Water is not necessarily in short supply in Uganda; however, it is not always available in the right place at the right time, a situation which is exacerbated by climate change.
This reality was recognised by the climate change response strategy and action plan in Uganda. The Ugandan Department of Water Resource Management (DWRM) under the Ministry of Water and Environment in Uganda identified the need to develop this Strategy based on evidence-based risk and vulnerability (R&V) assessment of the water sector.
This necessitated considering other sectors that are significantly water dependent, broadening the scope of the project.
The Government of Uganda contracted OneWorld in 2008 to develop a response strategy to climate change R&V, with the overall goal to develop a stakeholder-led climate change strategy and action plan for the Department of Water Resources Management.

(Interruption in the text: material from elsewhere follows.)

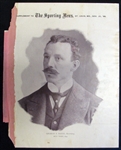 1899-1900 Sporting News Supplements M101-1 George Davis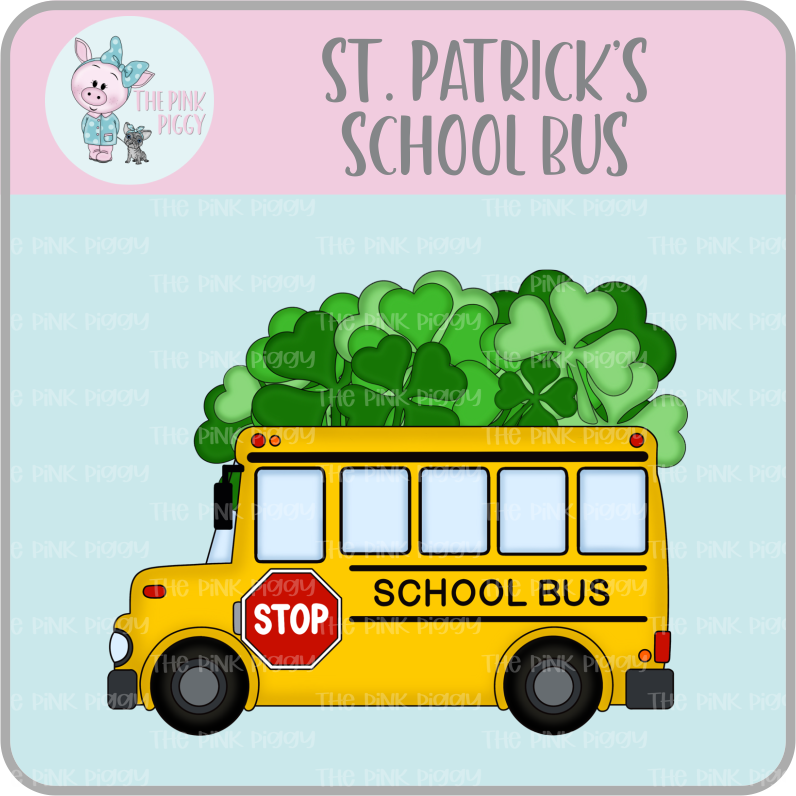 St. Patty's Ambulance & School Bus Clipart/Image/Printer File for Eddie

The first phase saw a literature review and the conducting of a R&V assessment against which to develop a strategy for DWRM. OneWorld assessed the vulnerability of the different components of the water resources sector to on-going and projected climate changes. This was supported and validated through extensive stakeholder engagement to build appropriate response strategies.
OneWorld managed the process to develop and agree the sectors climate response strategy with Government and other stakeholders as well as quantifying the related costs of priority adaptations. OneWorld additionally built capacity in stakeholders through designing and hosting five workshops (for 250 officials) with DWRM and related departments, such as Agriculture and Energy.
This work strengthened countrywide capacity to use available methodologies to understand the cascading implications of climate change in systems and sectors by applying “AIM” (Action Impacts Matrix) methodology and toolkits previously developed by OneWorld to build capacity of government officials.
The outcomes of OneWorld’s work included 2 adaptation projects available to the Ugandan Government to take to the Global Environment fund (GEF) and the Adaptation Fund, as well as a clearly defined, stakeholder-approved strategic response to climate change for the water and related sectors.
Stakeholders’ understanding of how to reduce vulnerability to climate changes and increase resilience in the affected population and other sectors was also further enhanced.